The "Privacy-First" Classroom

This course is designed as an alternative to the surveillance-heavy environments common in modern higher education. I believe that true intellectual risk-taking requires a private, secure space for inquiry and that our intellectual work belongs to us, not the firms scraping Canvas data to build teaching and learning AIs.


Data Privacy & Sovereignty

  • No Third-Party Surveillance: This course explicitly rejects the use of SafeAssign, Turnitin, or automated AI-detection software.
  • Data Minimization: We will use the minimum amount of technology required to achieve our learning goals. Your student data stays within the Howard M365 ecosystem or on this local, version-controlled site.
  • Algorithmic Transparency: Any automation used in this course (such as my Power Automate workflows for communication) is designed to support you, not monitor you.

Generative AI & Critical Inquiry

Instead of “detecting” AI, we will analyze it.

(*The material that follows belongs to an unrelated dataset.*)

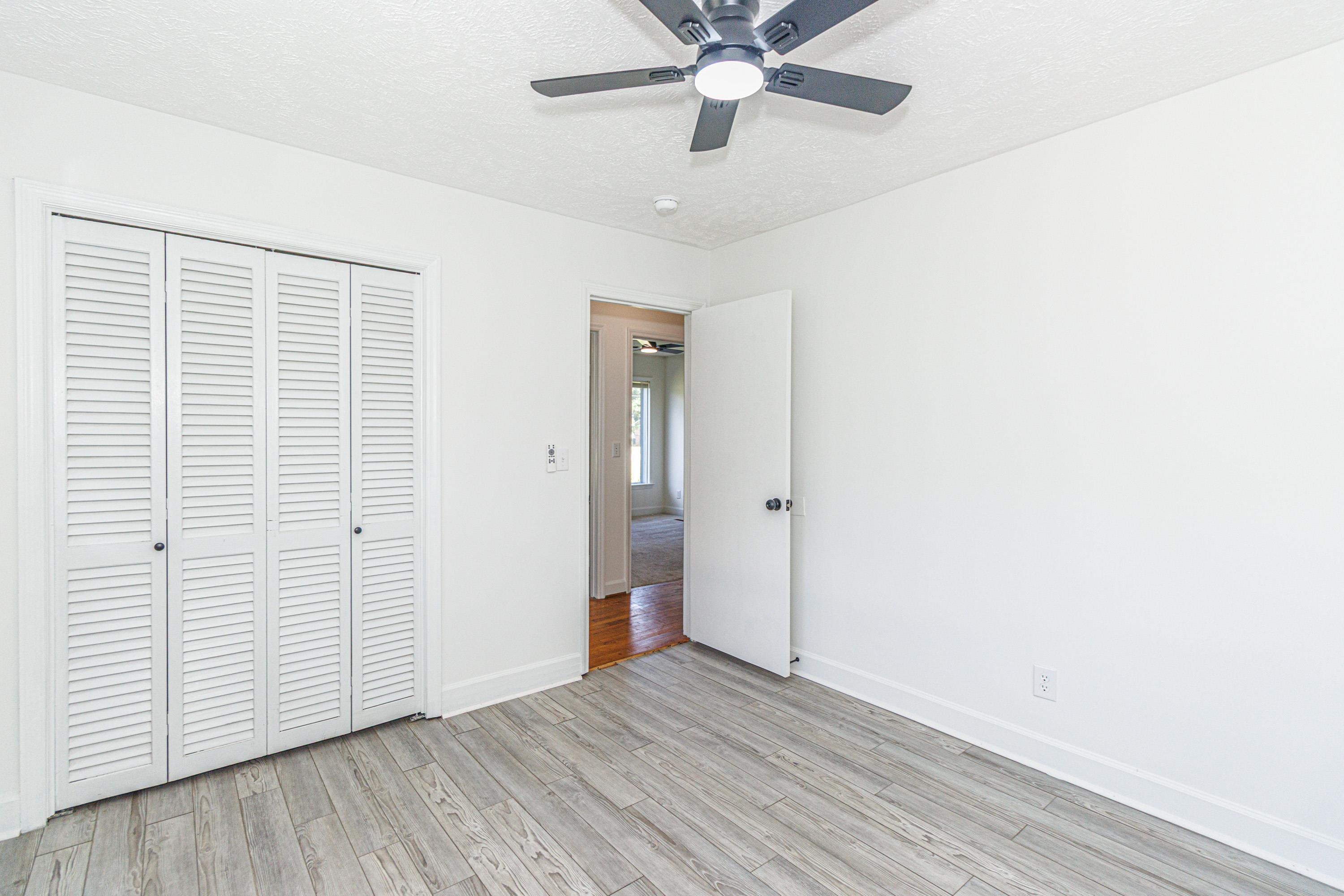 302 Cleveland St. Property Photo 28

  • Policy: While I do not permit the use of LLMs (like ChatGPT) to write your assignments for you, we will treat these tools as tools and objects of Critical Systems Analysis.
  • Reasoning: In the humanities, the process of interpretation is the work. Outsourcing that process to a black-box system undermines your capacity for narrative analysis.

Mentorship & Engagement

  • Human-in-the-Loop: All feedback and evaluation are performed by me, not an algorithm.
  • Communication: I use an automated pipeline to ensure timely logistics, which frees me up to provide higher-quality 1-on-1 mentorship and tutoring during office hours.

Classroom Governance

  • Decolonial & Critical Frameworks: We will examine our course materials through the lens of history, ideology, and economic power structures.
  • Accessibility (WCAG 2.1): If any part of this digital ecosystem is difficult for you to navigate, please let me know. This site is engineered for clarity and inclusion.